▸ Aim of the task: Find the line below with "Christmas Tooth Characters". Print it and every line after it exactly, through the last line, leaving out the pictures.

Excerpts from a dataset

▬▬▬▬▬▬

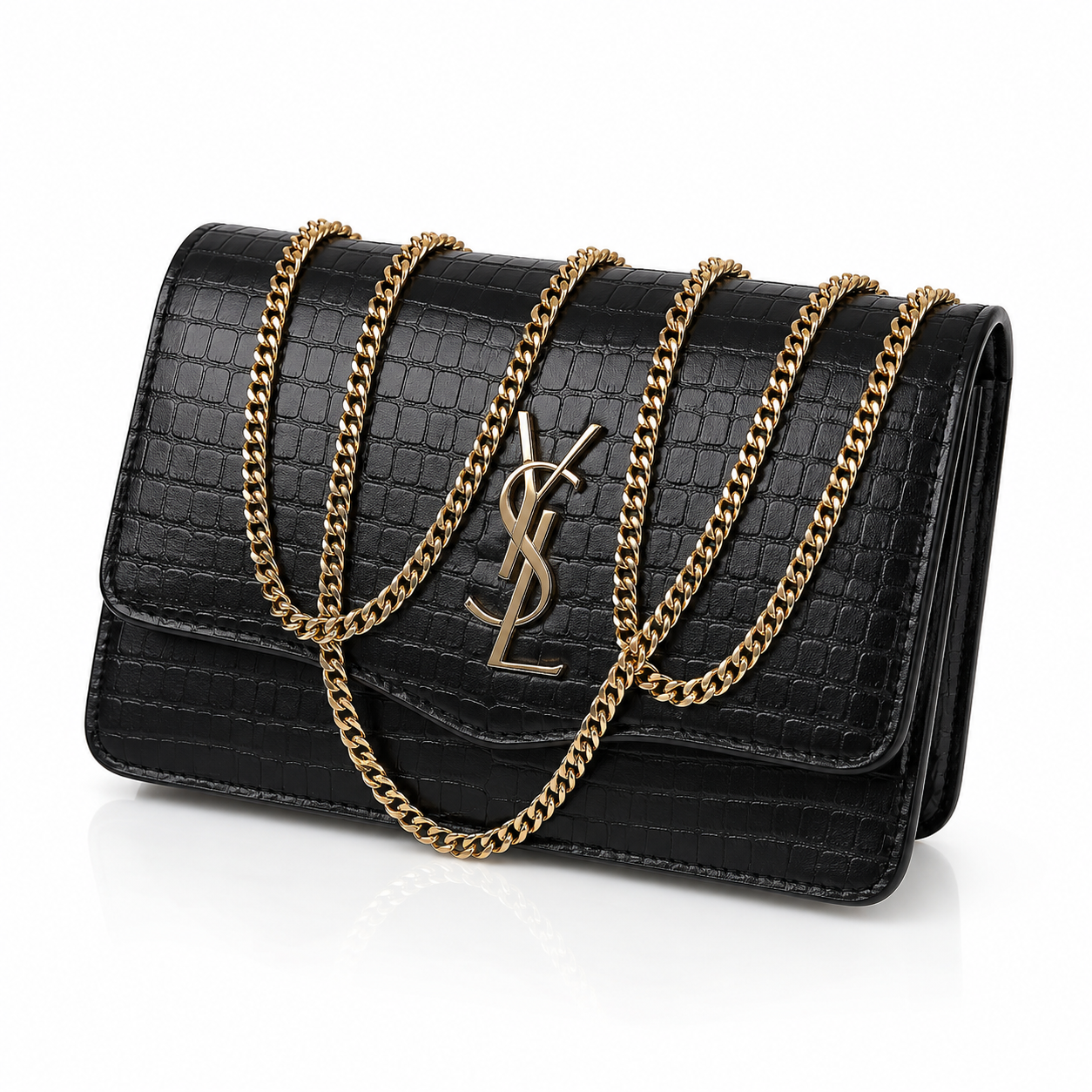 Premium Croc-Embossed Vegan Leather Crossbody Bag
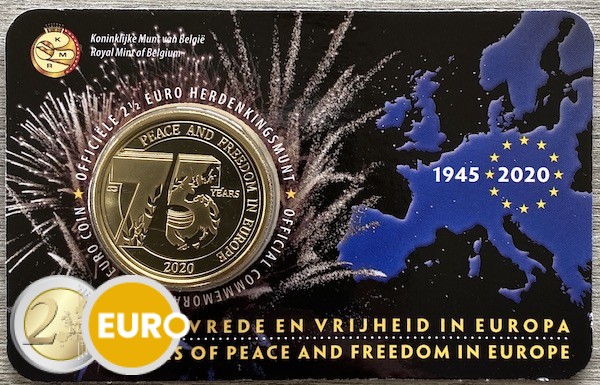 2,50 euros Belgique 2020 - 75 ans paix en Europe BU FDC Coincard NL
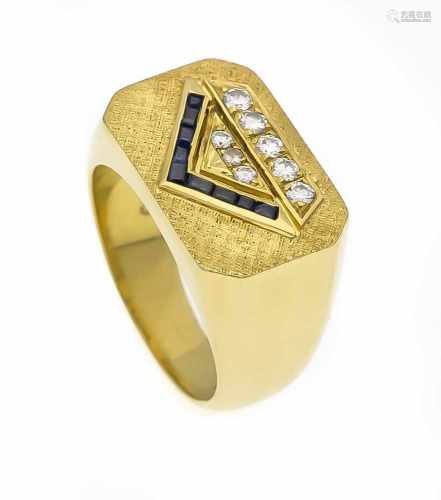 Saphir-Brillant-Ring GG 585/000 mit 9 fac. Saphiren in sehr guter Farbe und Brillanten,zus. 0,40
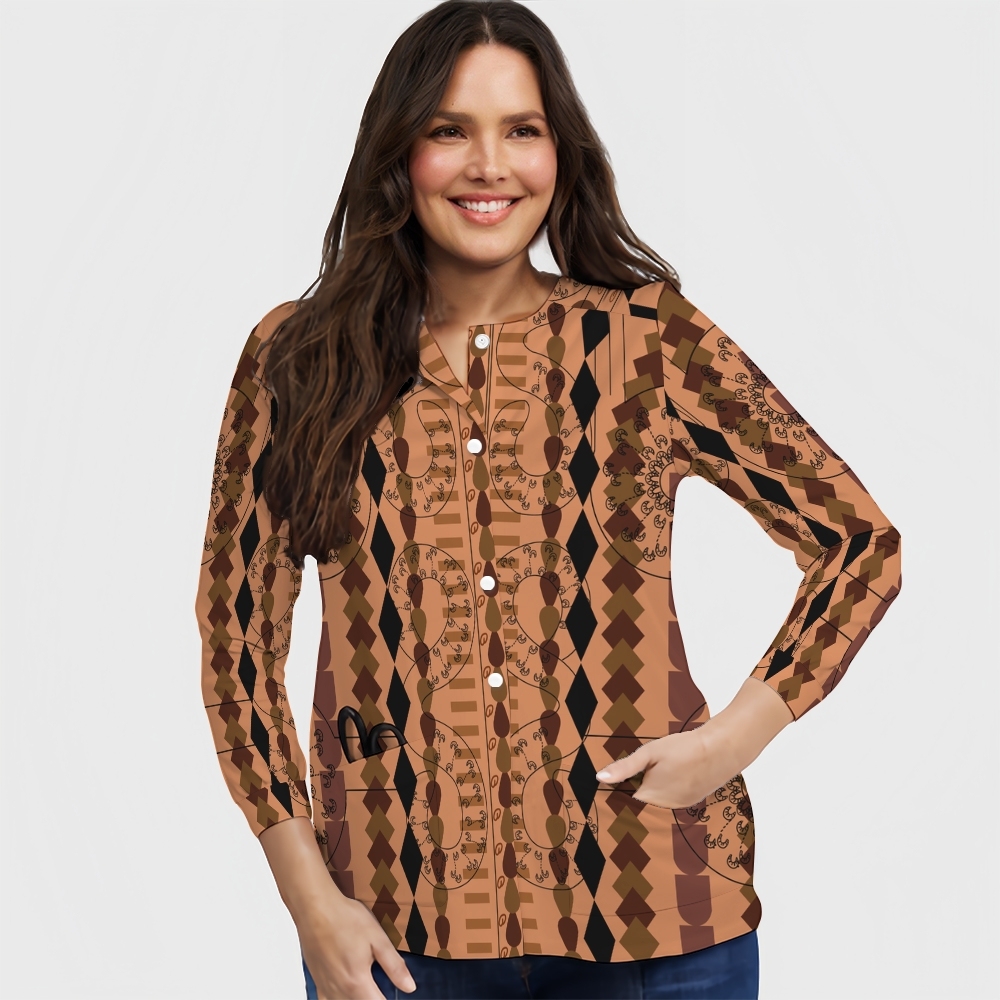 Women's Intangible Cultural Heritage Printed Long Sleeve Jacket TC102417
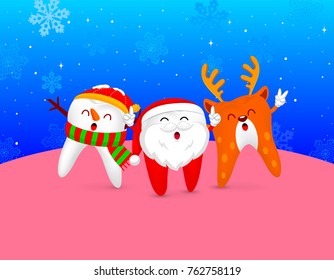 Christmas Tooth Characters design, Santa Claus, Snowman and Reindeer. Merry Christmas and Happy new year concept. Illustration with snowflake background.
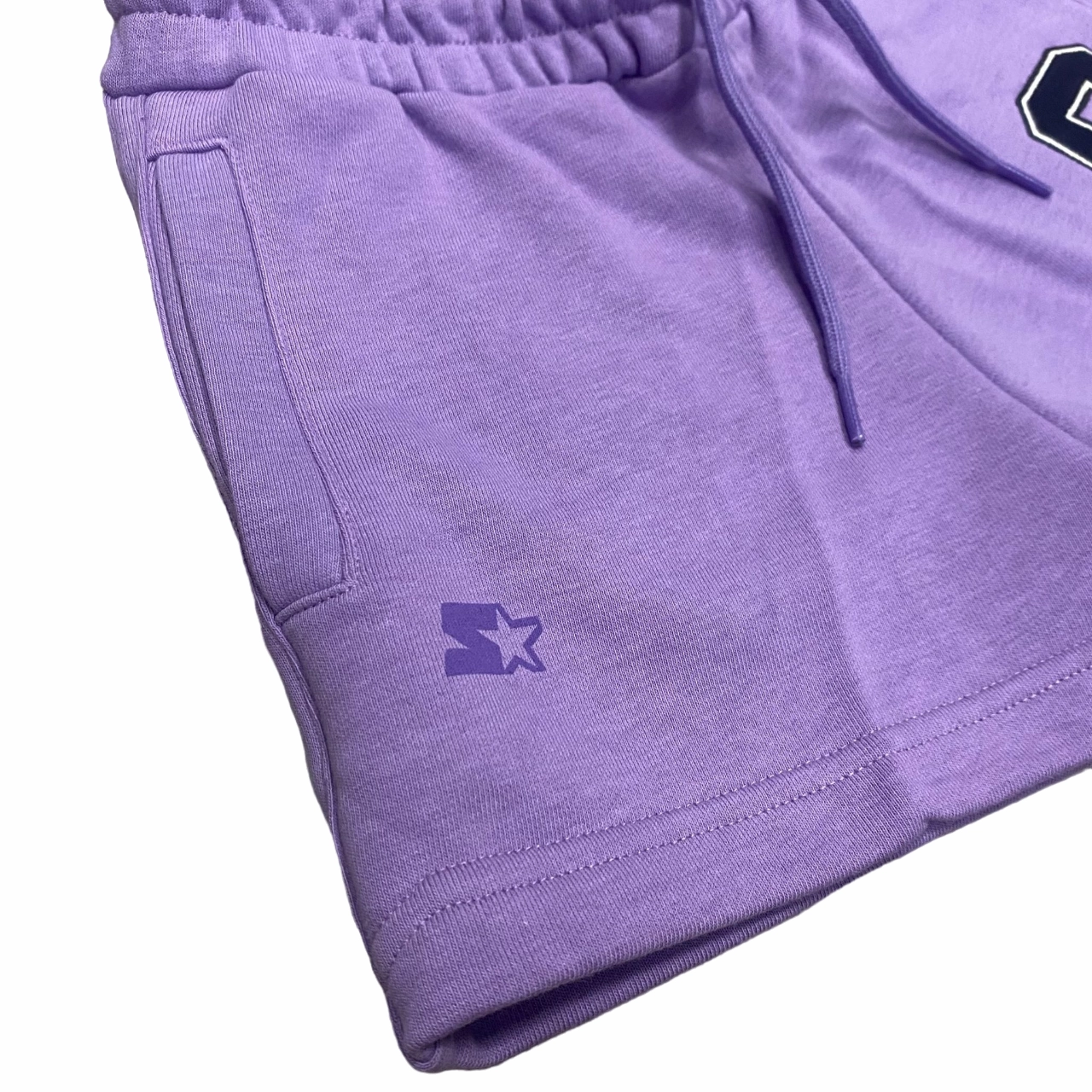 Starter pantaloncino sportivo da ragazza con ricamo. Colore lilla Light Fit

▬▬▬▬▬▬

▸ Solution to this exercise:
 Christmas Tooth Characters design, Santa Claus, Snowman and Reindeer. Merry Christmas and Happy new year concept. Illustration with snowflake background.
 Starter pantaloncino sportivo da ragazza con ricamo. Colore lilla Light Fit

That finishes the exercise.